Work order: Word for word, copy the entire listing below, but do not carry over any pictures.

Supplied material:
=== Section Start ===
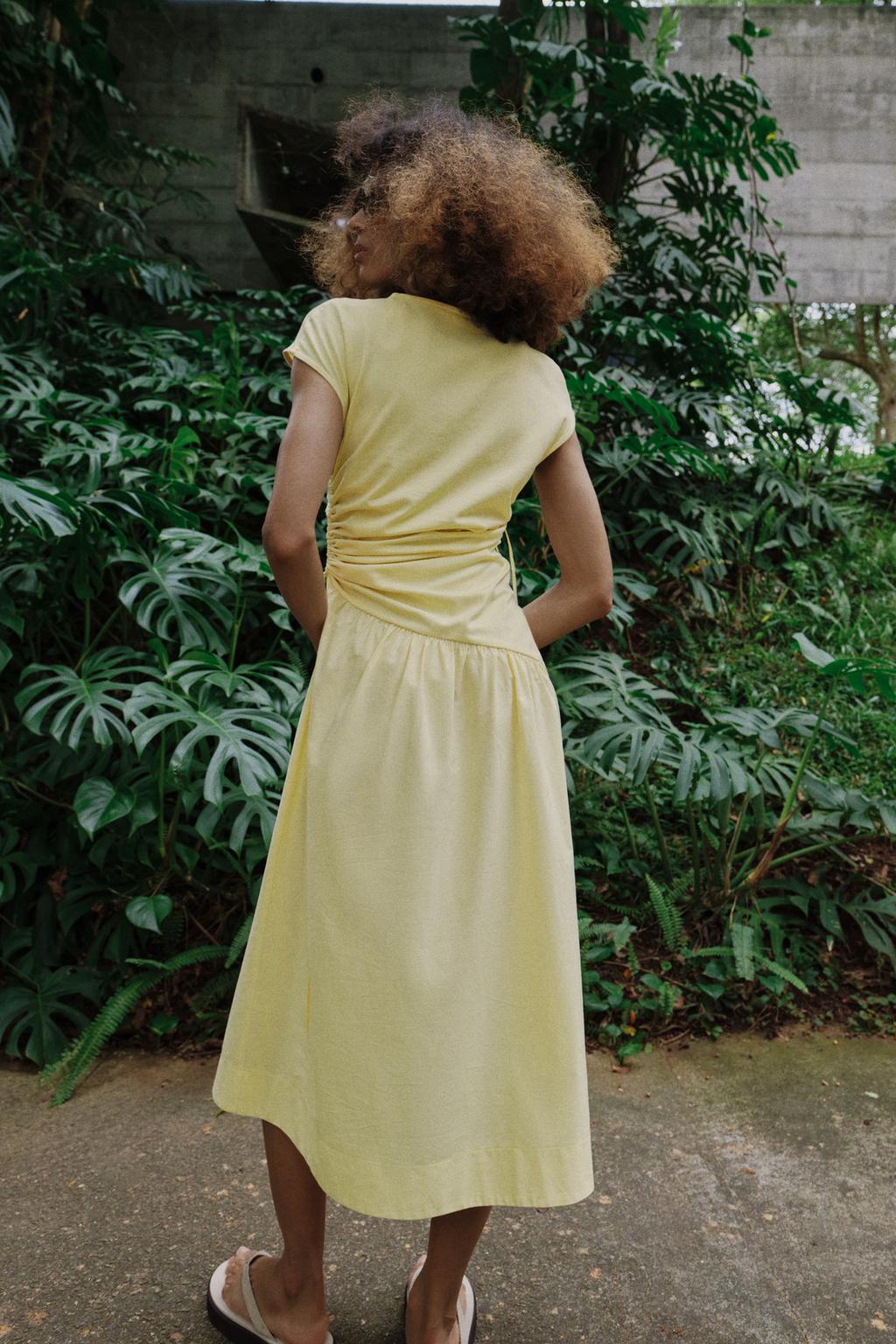 ПЛАТЬЕ АСИММЕТРИЧНОГО КРОЯ СО СБОРКАМИ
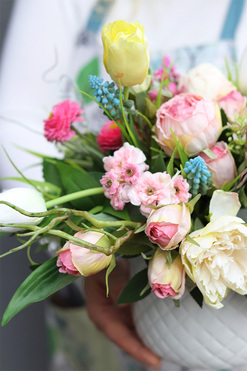 Romana, kompozycja kwiatowa w białej doniczce, wym.27x32x57cm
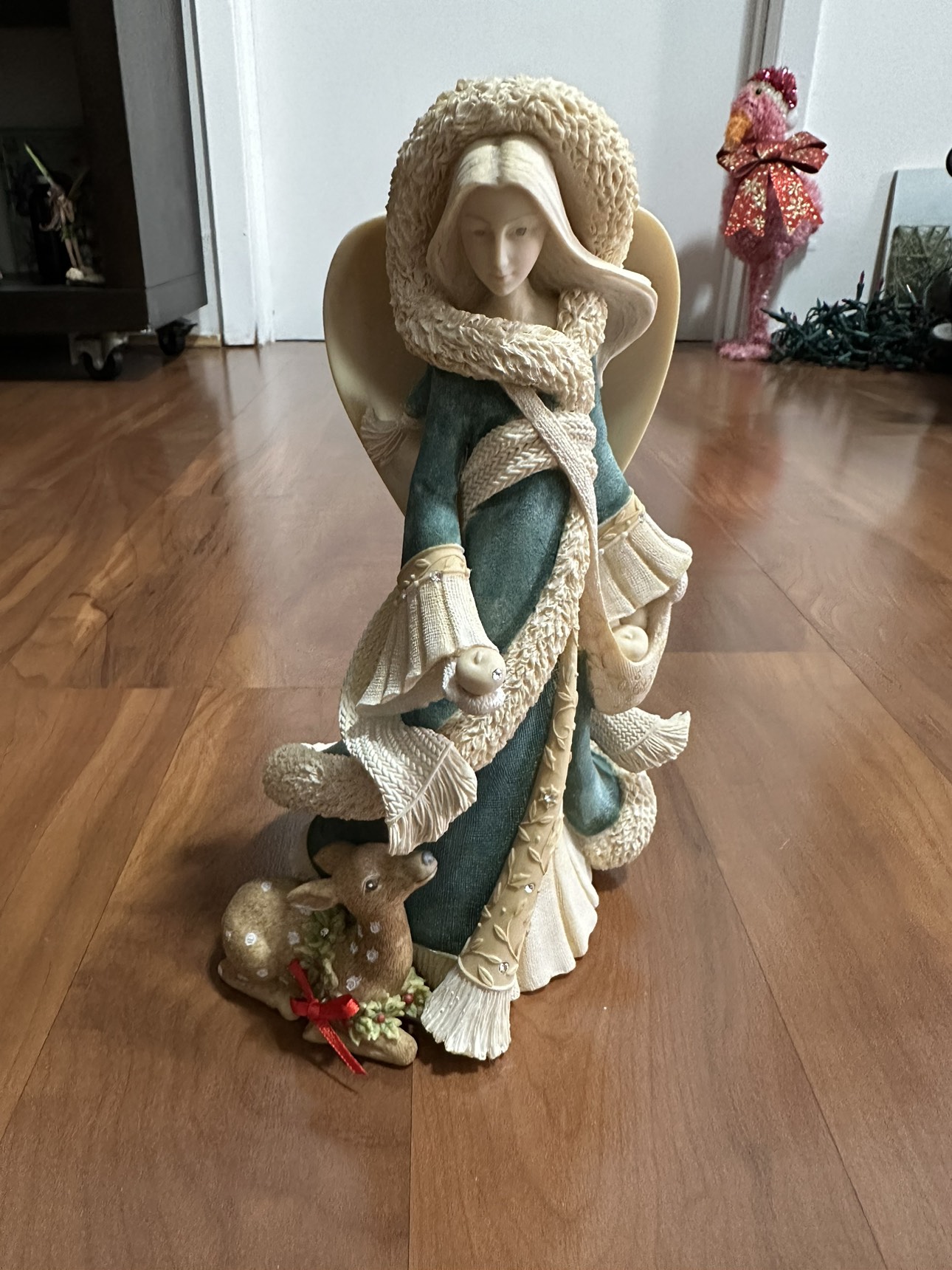 Enesco The heart of Christmas Angel with fawn image indicator(3)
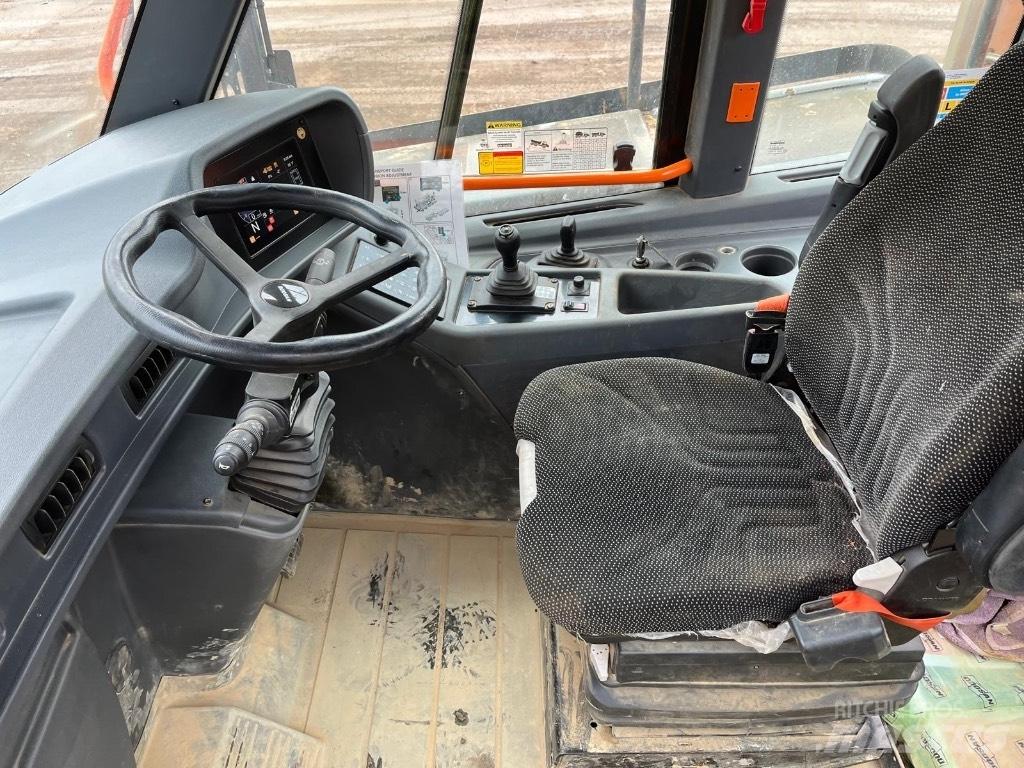 Doosan DA 30 铰接式自卸车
=== Section End ===
Completed exercise:
 ПЛАТЬЕ АСИММЕТРИЧНОГО КРОЯ СО СБОРКАМИ
 Romana, kompozycja kwiatowa w białej doniczce, wym.27x32x57cm
 Enesco The heart of Christmas Angel with fawn image indicator(3)
 Doosan DA 30 铰接式自卸车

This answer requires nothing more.